Collect CPU long tasks information from our real users in the navigation timing extension. A long task is a CPU task that takes more than 50 ms on the main thread in the browser.
In our synthetic tests where we use Chrome we collect CPU long tasks information: we collect number of long tasks, and the actual time spent in long tasks. We also count number of tasks before first paint and before load event end.
The metrics that we get from real users we do not collect any long tasks at all, so a first step could be to collect number of long tasks and the total time spent in long tasks. That way we would start to get a feel for how many long tasks we have for real users and see how stable that metric is, maybe we can use it for alerting. One thing to remember is that the long taks ins depending on the users hardware so it will be different depending on that device the user is using.
Long tasks will continue to happen through the user journey but at as a first implementation we can get the long tasks that happens before we beacon back navigation timing data.

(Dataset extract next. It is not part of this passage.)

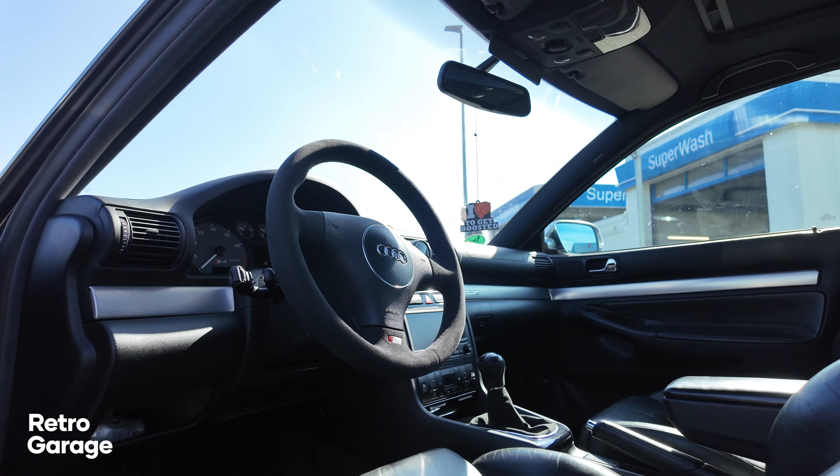I often get asked and often consider what the perfect old-school daily for me would be, and I think it might be this — because this is a B5 Audi S4, which is the more subtle brother of the iconic B5 Audi RS4 that we all know and love. I'm going to be filming a video on the differences between the B5 S4 and the B5 RS4 very soon, and I'll put that down in the description when it's live.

To collect the metric we need to do a couple of things (you can see the full picture at https://wikitech.wikimedia.org/wiki/Performance#/media/File:WMF_Performance_Team_infrastructure_2022.png):
- Add the collection of the actual metric in the navigation timing extension https://gerrit.wikimedia.org/r/plugins/gitiles/mediawiki/extensions/NavigationTiming/+/refs/heads/master - you need to pull up Mediawiki and do the changes in the extension, add tests for it and run the tests.
- Then we need to make sure that the data is stored in the schema https://gerrit.wikimedia.org/r/plugins/gitiles/schemas/event/secondary/+/refs/heads/master/jsonschema/analytics/legacy/navigationtiming/ so we need to ad the fields missing there.
- And then we need to take care of data when it arrives and send it to Graphite/Prometheus. That happens in navtiming.py: https://gerrit.wikimedia.org/r/plugins/gitiles/performance/navtiming/
- When the data has started to arrive we can make a new dashboard/graph in Grafana where we can look at the new metric.